Why can't people wait until they get home or to a restroom and spit up in private? No one should be subjected to the possibility of contracting tuberculosis or who knows what else because someone couldn't hold their spit. When you think about it, you can begin to understand why there are shoeless households ( see July 1, 2008). Our poor soles.
There is one spitter who stands out from the rest and is more despicable than his/her fellow expectorators - the visitor from another country. It is heartbreaking to see someone who came here to enjoy our Land of Opportunity only to spit on it like nothing. When you see this we don't recommend that you say anything because you could end up being the next target. Yvonne will try and catch the person's eye and with all her might look down at the disgusting glob and then quickly look up again at its owner's eyes with great sorrow. She is convinced that her subtle protest makes people think before they spit the next time. I don't know about that. I'll sometimes throw them a dirty look. I don't say anything because they've already spat and some of them look kind of crazy.
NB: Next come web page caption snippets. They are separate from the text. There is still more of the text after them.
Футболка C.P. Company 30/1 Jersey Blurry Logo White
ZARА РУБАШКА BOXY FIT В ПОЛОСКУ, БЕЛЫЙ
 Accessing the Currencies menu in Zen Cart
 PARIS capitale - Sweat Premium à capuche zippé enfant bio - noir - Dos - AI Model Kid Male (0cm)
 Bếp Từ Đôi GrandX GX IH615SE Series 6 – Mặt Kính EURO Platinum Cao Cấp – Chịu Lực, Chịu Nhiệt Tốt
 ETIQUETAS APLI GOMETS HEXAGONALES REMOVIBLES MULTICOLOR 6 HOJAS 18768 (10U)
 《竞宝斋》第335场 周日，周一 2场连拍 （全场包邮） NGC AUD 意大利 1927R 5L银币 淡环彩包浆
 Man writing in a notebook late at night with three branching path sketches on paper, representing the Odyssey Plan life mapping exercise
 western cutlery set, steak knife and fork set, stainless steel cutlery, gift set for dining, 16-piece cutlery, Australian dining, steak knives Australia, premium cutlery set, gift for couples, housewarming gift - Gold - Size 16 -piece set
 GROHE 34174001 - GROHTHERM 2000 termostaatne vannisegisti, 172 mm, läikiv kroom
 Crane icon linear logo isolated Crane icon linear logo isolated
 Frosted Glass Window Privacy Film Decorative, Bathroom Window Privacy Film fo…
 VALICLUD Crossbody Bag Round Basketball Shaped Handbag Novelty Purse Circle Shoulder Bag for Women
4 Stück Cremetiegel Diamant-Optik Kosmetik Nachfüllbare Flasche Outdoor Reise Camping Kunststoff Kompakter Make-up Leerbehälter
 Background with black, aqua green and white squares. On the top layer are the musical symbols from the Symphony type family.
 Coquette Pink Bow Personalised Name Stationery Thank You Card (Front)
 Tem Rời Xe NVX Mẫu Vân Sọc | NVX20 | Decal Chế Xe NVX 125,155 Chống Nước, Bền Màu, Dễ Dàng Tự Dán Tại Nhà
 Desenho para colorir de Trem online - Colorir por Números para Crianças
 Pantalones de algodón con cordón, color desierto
Many men spit because they think they have the hormonal right to show off their aim. Excuse us for being a little disgusting but beware of the the man who has just spit and wants to kiss you. You see where we're going? You need a map? Ladies invite your gentlemen friends to wash their hands and take a swig of that mouthwash that should always be readily available in your bathroom. Maybe you can help him kick this habit by starting up a little conversation about how you little you think of men who spit in public. You will know if he's guilty by his posture - send him back to the bathroom.
This hasn't been a very pleasant topic for us today. We love this country and there's no reason why we all can't make it a better place to rest our soles on.